Entertainment

SPLIT-TOON

IF you were given the choice of having a split personality – and the two lives that go along with it – would you?

Could you?

That’s Christian Slater’s problem in NBC’s modern-day take on the “Jekyll & Hyde” archetype in their new thriller, “My Own Worst Enemy,” debuting tonight.

Slater plays Henry/Edward, the man with the voluntary split personality.Edward is an assassin at the headquarters of an outfit called Janus working for a woman called Mavis (Alfre Woodard). He’s also a chick magnet for giant fake-lipped spies.

Henry on the other hand is an efficiency expert who works for some corporation or other that is housed in the same building as the spy’s headquarters.

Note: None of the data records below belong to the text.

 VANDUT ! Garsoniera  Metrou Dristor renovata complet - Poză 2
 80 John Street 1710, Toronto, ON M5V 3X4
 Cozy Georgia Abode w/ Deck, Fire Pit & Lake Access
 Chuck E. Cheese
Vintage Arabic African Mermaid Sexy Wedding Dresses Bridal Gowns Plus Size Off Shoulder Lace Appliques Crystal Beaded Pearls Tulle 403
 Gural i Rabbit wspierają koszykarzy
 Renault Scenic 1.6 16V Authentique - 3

Henry is a family guy with a wife, a dog, kids, and a house in the suburbs. For some reason, he doesn’t think it’s weird that the corporation he works for has an on-site shrink (Saffron Burrows), who also. by the way, has giant lips.

Turns out that 19 years earlier, Edward volunteered to have part of his brain worked on so that he could live a dual existence with dual personalities to match. Henry, the efficiency expert doesn’t know the professional spy/killer exists, but the spy/killer knows the efficiency expert exists.

Got it? Good.

Anyway, everything is going great guns (literally) until Edward’s thoughts and memories start dribbling over into Henry’s life and vice-versa.

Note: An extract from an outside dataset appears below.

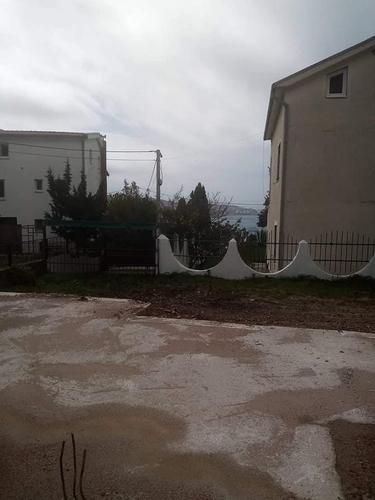 Plac sa dva temelja urađena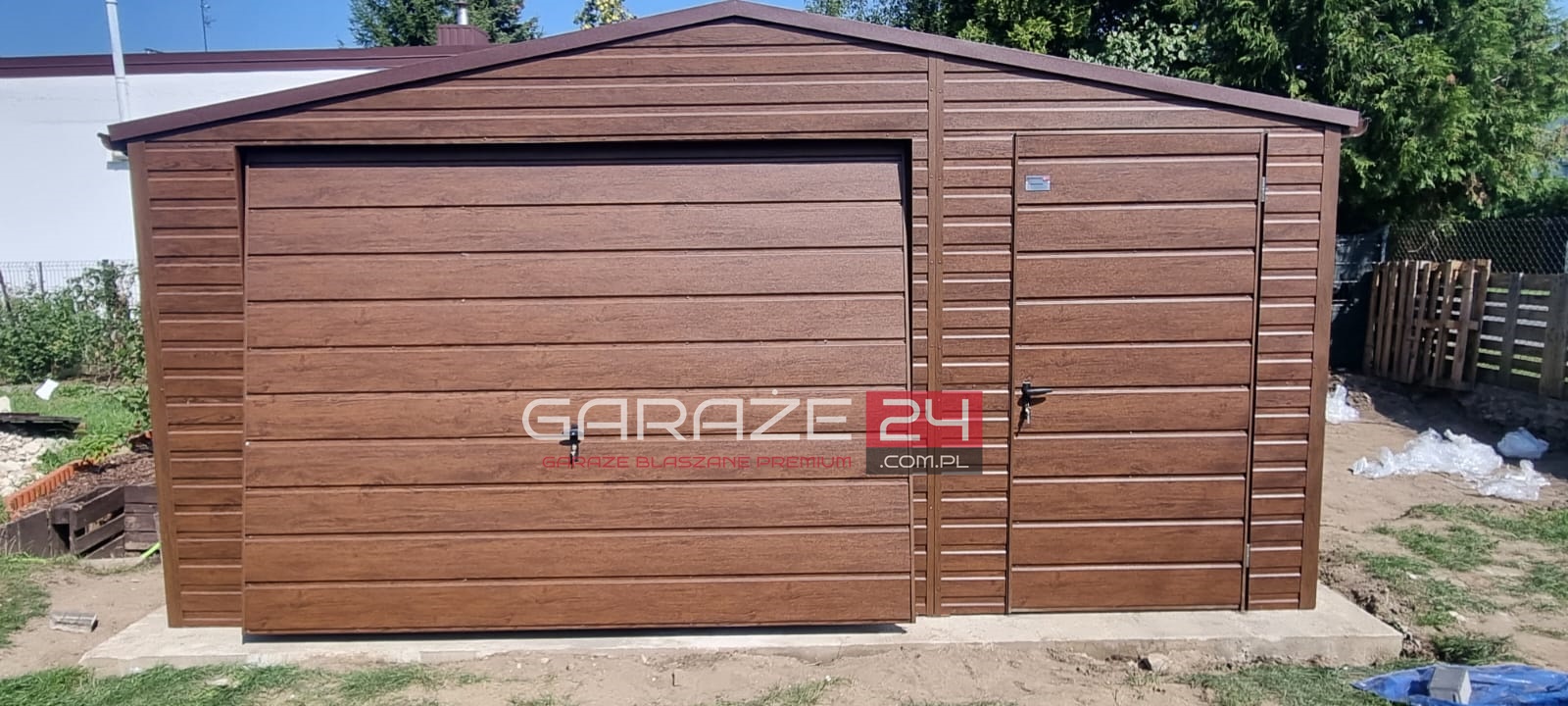 Garaż blaszany PREMIUM 5x6m, na zgłoszenie do35m2, ciemny orzech , brama uchylna ,drzwi , wzmocniony profilem zamkniętym ocynkowanym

On the plus side, Edward makes a great lover for Henry’s in-the-dark wife, (Madchen Amick), who is so grateful for a great night in the sack that she makes him pancakes.

On the downside, when Henry begins to figure out what is going on, he gets mad at himself for making love to his own wife.

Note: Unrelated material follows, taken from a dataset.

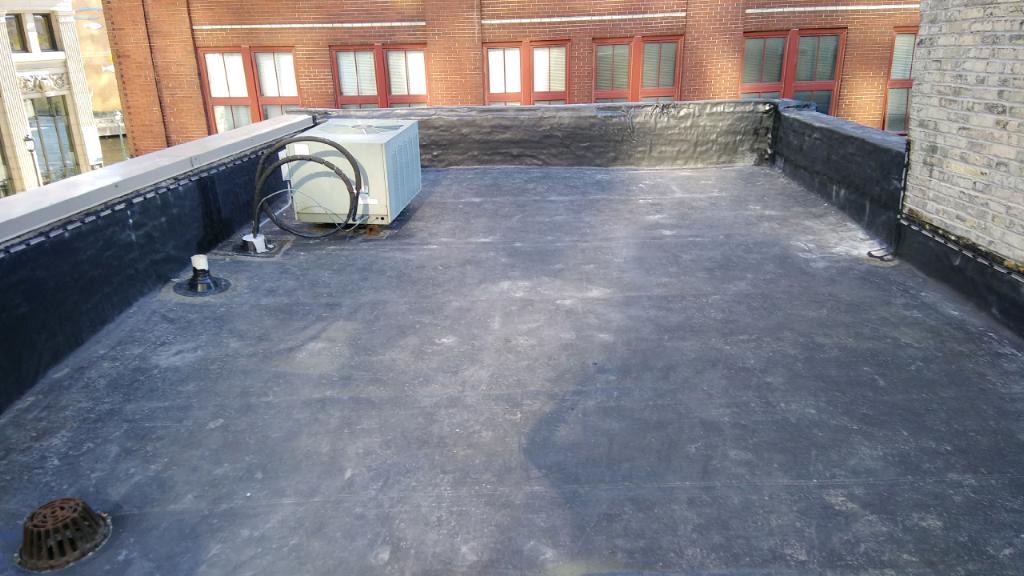 Wisconsin Roofing LLC | Commercial | Flat Roof | Milwaukee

Like some 1960s cold war thriller, there are many Russians to kill and Ruskie female spies to bed and murder which means, I guess, viewers don’t like change.

At his job in the insurance company (or whatever the hell it is), Henry’s best friend is wiseass co-hort, Tom (Mike O’Malley) who, as it turns out, also has a second life as Raymond – a professional assassin and Edward’s sidekick in the killing game.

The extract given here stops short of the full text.